■ TASK PROMPT ■
From the entries below, retype only the lines from the one with "Welcome to Tizen" through the one with "So I kept my", exactly as written.

■ INPUT RECORDS ■

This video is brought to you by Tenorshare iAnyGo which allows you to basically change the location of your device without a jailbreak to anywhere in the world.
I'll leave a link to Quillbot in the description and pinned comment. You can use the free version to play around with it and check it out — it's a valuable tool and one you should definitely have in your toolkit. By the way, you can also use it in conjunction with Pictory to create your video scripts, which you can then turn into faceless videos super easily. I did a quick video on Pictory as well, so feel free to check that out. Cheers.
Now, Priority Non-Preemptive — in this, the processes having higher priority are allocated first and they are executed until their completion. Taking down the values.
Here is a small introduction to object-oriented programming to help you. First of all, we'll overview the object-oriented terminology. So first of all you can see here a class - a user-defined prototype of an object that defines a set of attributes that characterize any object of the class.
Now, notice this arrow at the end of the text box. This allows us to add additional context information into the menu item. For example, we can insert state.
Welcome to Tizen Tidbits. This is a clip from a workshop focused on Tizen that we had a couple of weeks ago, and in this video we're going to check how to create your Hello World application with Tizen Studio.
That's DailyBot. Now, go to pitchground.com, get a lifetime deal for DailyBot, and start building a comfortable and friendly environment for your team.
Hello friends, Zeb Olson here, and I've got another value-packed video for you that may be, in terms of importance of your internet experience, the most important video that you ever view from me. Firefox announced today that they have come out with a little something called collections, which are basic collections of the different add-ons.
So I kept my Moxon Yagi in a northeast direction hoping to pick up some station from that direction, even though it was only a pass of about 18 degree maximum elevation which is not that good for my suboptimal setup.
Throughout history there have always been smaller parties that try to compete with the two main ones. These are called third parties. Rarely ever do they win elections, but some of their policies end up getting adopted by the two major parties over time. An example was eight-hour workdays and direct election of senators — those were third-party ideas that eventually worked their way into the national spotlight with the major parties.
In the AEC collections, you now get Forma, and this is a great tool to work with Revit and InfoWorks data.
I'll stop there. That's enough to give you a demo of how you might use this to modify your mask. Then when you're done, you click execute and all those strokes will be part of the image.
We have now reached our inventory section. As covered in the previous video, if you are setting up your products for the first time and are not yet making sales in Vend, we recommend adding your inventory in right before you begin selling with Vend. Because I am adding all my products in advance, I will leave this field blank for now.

■ PROBLEM SOLUTION ■
Welcome to Tizen Tidbits. This is a clip from a workshop focused on Tizen that we had a couple of weeks ago, and in this video we're going to check how to create your Hello World application with Tizen Studio.
That's DailyBot. Now, go to pitchground.com, get a lifetime deal for DailyBot, and start building a comfortable and friendly environment for your team.
Hello friends, Zeb Olson here, and I've got another value-packed video for you that may be, in terms of importance of your internet experience, the most important video that you ever view from me. Firefox announced today that they have come out with a little something called collections, which are basic collections of the different add-ons.
So I kept my Moxon Yagi in a northeast direction hoping to pick up some station from that direction, even though it was only a pass of about 18 degree maximum elevation which is not that good for my suboptimal setup.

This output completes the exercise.